When you reach the line containing "Twee kunstplanten in", start transcribing exactly and continue through the last line of the data, skipping every picture.

▶ Dataset excerpt:
........
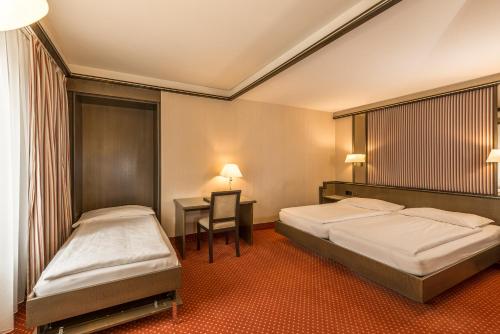 Habitación Triple del hotel Monopol. Foto 5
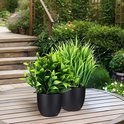 Twee kunstplanten in zwarte potten op een houten tafel in de tuin.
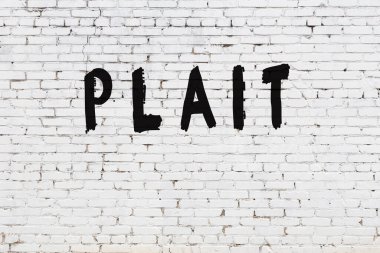 Üzerinde siyah boya örgüsü olan beyaz duvar.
........
▶ Answer to this exercise:
 Twee kunstplanten in zwarte potten op een houten tafel in de tuin.
 Üzerinde siyah boya örgüsü olan beyaz duvar.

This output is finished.